After conducting their plenary conference in the city of Abeokuta, the Catholic Bishops’ Conference of Nigeria (CBCN) issued a statement on September 20 that especially criticized those within the Catholic Church who they say are attacking Pope Francis. They said in their communiqué, “The Holy Father Pope Francis has come under attacks in recent times. Of more serious concern are the attacks coming from some higher levels of the Church in some parts of the world. As members of the Episcopal College, of which the Holy Father is the Head, we regard these attacks as the proverbial ill wind that blows no one any good, bearing in mind that there are other more legitimate and traditionally tested avenues of expressing our opinions to the Holy Father.”
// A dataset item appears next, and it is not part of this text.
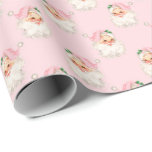 Vintage Pink Santa on Pink Wrapping Paper<br><div class="desc">The sweetest little Pink vintage Santas on a pink background. Perfect for Grandmillennial Christmas styles and Pink Christmas lovers!</div>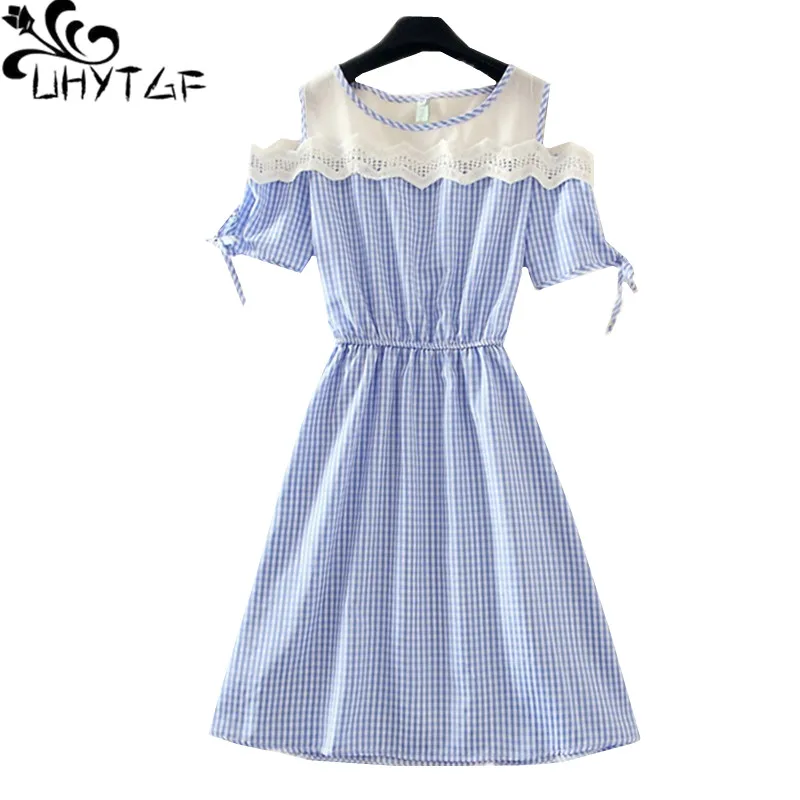 

UHYTGF Women's dresses Fashion lace stitching summer dresses Small fresh Cute girl party dress elegant student bandage dress 631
The statement continued: “We reaffirm our faith in and commitment to the Pontificate of the Holy Father Pope Francis. Consequently, we pledge our loyalty and availability to him in the exercise of his Petrine office, and we promise to continue to cooperate with him fully in the discharge of his divine mandate as the Pastor of the Universal Church.”

The Nigerian bishops’ statement did not specify which are “the higher levels of the Church” that are ostensibly attacking Pope Francis. Emails from LifeSiteNews to the Nigerian Conference of Catholic Bishops, as well as to Cardinal John Onaiyekan and coadjutor Archbishop Ignatius Ayau Kaigama of Abuja and Bishop Emannuel Badejo of Oyo, went unanswered.

Among Pope Francis’s critics can be numbered at least one high-ranking Nigerian bishop. In 2015, Cardinal Francis Arinze, formerly prefect of the Congregation for Divine Worship and the Discipline of the Sacraments, gave an exclusive interview to LifeSiteNews in which the cardinal blasted propositions that would soon become codified in Pope Francis’s post-synodal apostolic exhortation Amoris Laetitia. Chief among these propositions was the idea that people living in a state of objective and persistent mortal sin can licitly receive Holy Communion according to their consciences.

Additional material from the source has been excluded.